Establishment and calibration of a spectral reduction model for argon-filled broadband echelle grating spectrometer

Abstract

A spectral reduction model (SRM) introducing the refractive index parameter of the light transmission medium is proposed for the argon-filled high-resolution broadband echelle grating spectrometer (EGS). This model is essentially established based on a mathematical modeling method, combining the optical design parameters and the structure of the broadband EGS, and considering a new factor accounting for the variation of the refractive index of the medium inside the instrument due to the argon filling. By employing geometric optics principles to evaluate the light transmission path and imaging position, a mapping relationship between the wavelength and the coordinate position of the detector pixel is constructed to achieve accurate spectral conversion.
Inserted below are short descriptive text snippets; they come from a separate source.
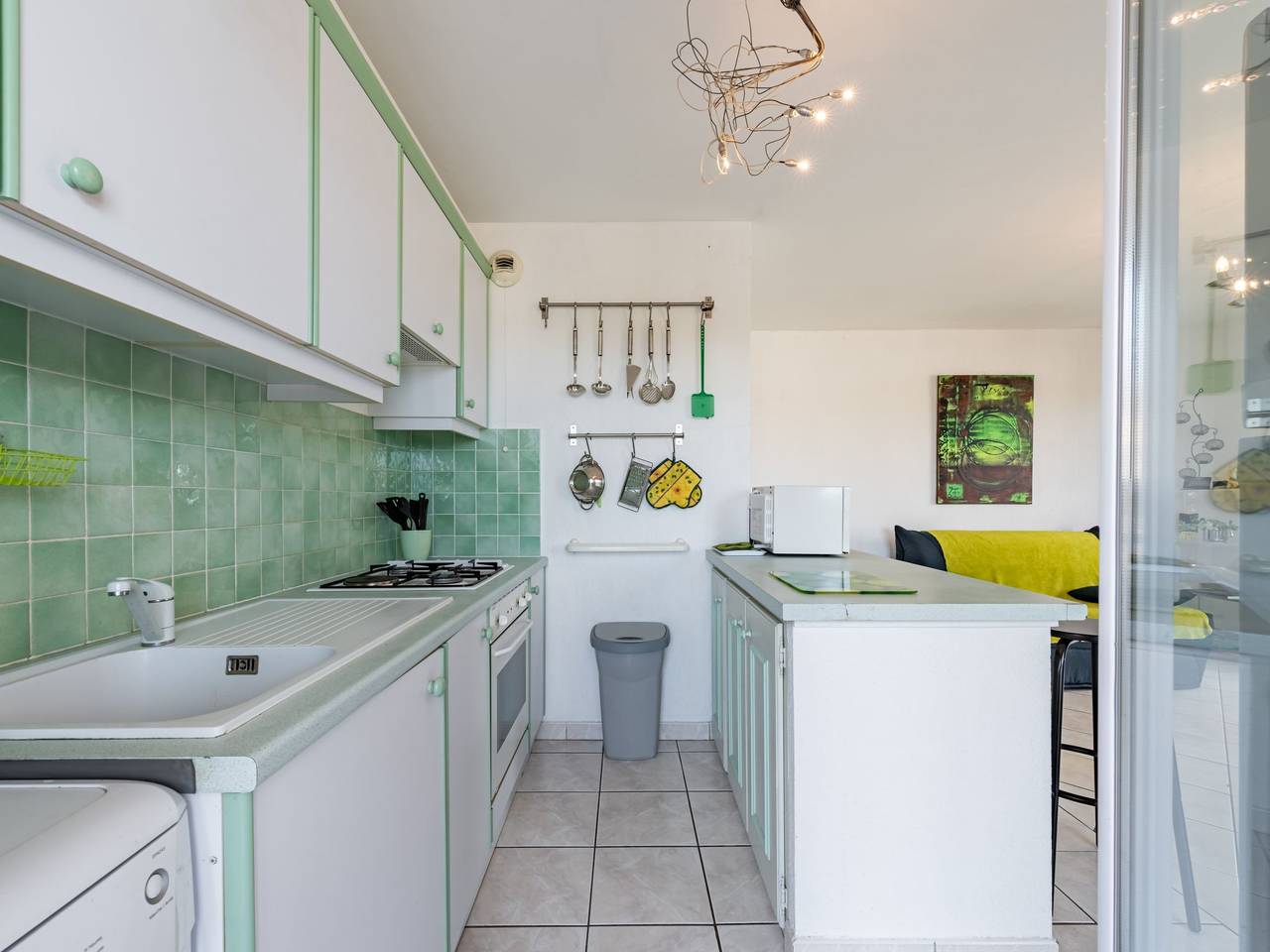 Ganze Wohnung, La Storia in Cogolin, Draguignan Region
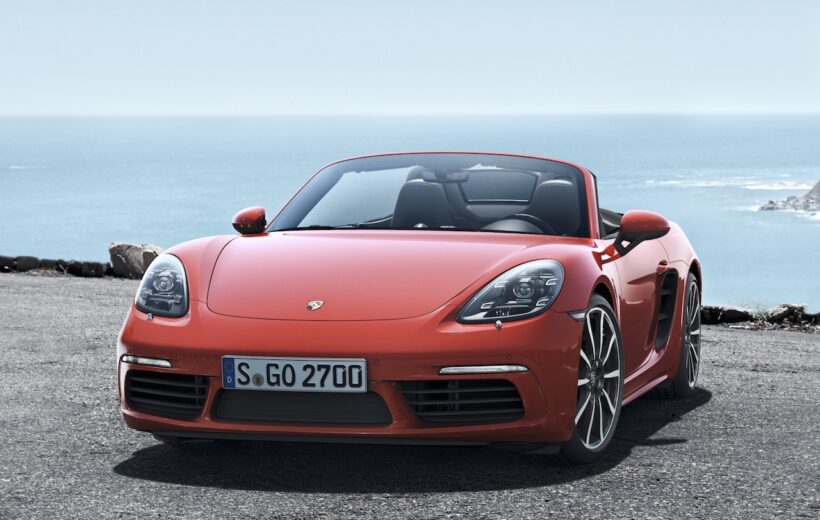 718 ボクスター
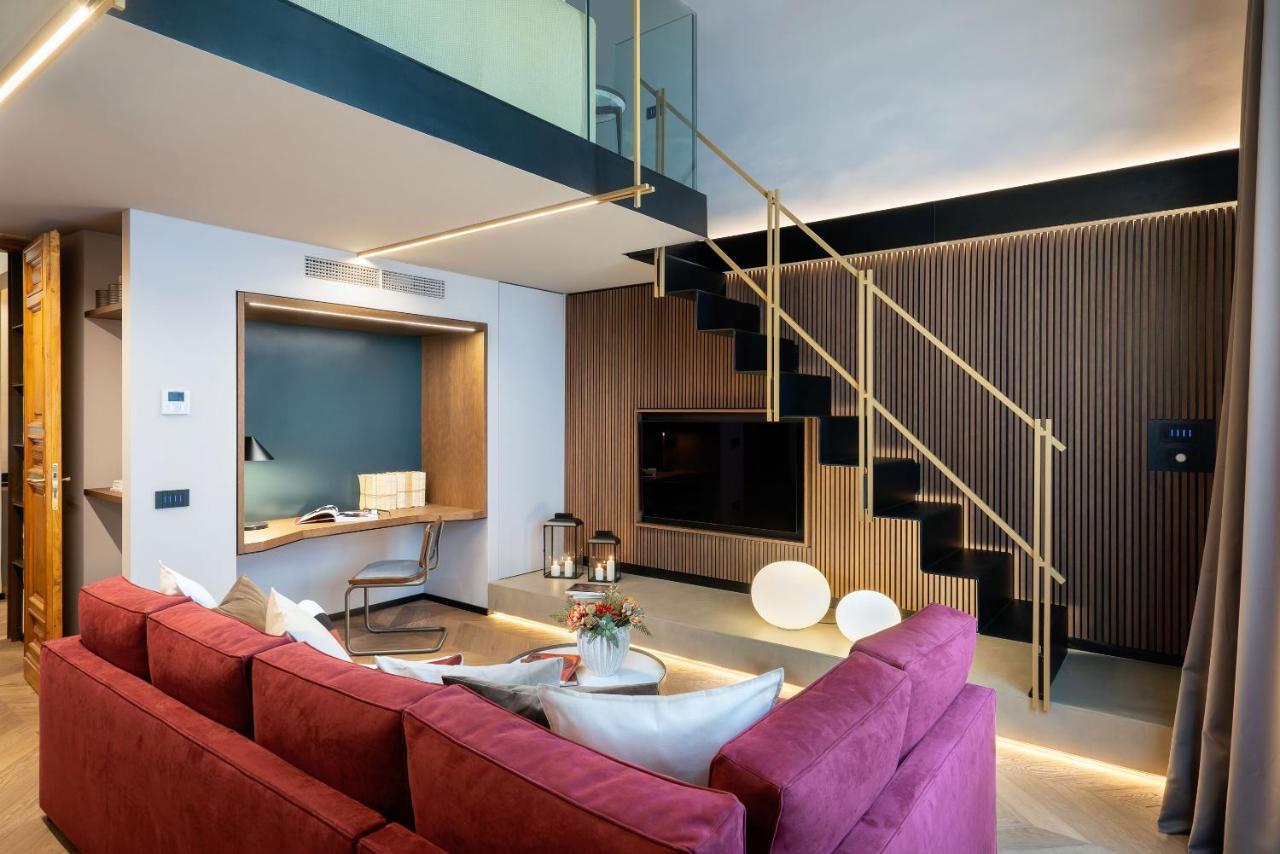 Arts & Crafts Apartments Φλωρεντία Εξωτερικό φωτογραφία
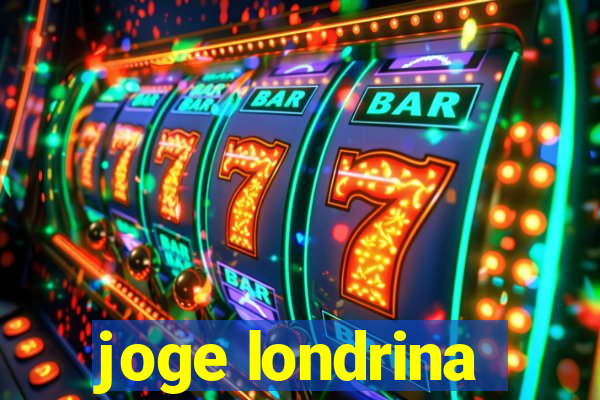 joge londrina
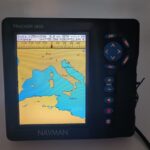 NAVMAN NORTHSTAR Tracker 5600 Boat Marine Chartplotter Integrated GPS Explorer Gallery Image 0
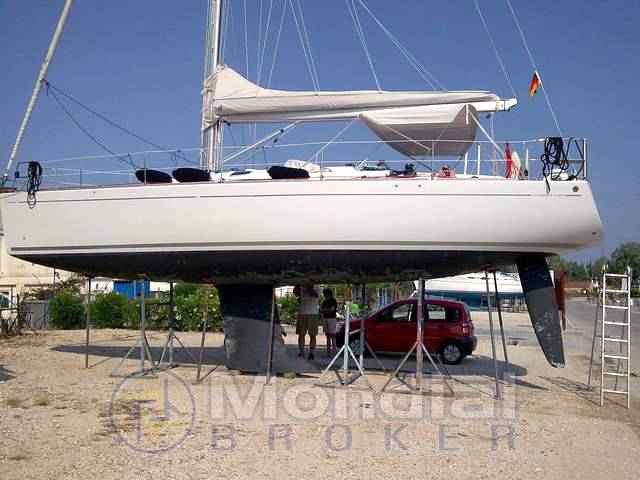 Comar yachts Comet 41s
To enhance the accuracy of the model, the SRM is further calibrated, and the key parameters of the medium refractive index, the grating incidence angle, the prism vertex angle, the grating offset angle, and the system focal length are optimized in the SRM. The obtained results reveal that in the argon-filled broadband EGS, the SRM is capable of achieving accurate conversion of spectral information, and the position deviation of the calibrated SRM is within 2 pixels, which proves the accuracy and reliability of the model. This study presents a high-precision implementation approach for the EGS in broadband spectral detection and provides ideas and directions for the design and optimization of spectrometers in similar gas environments.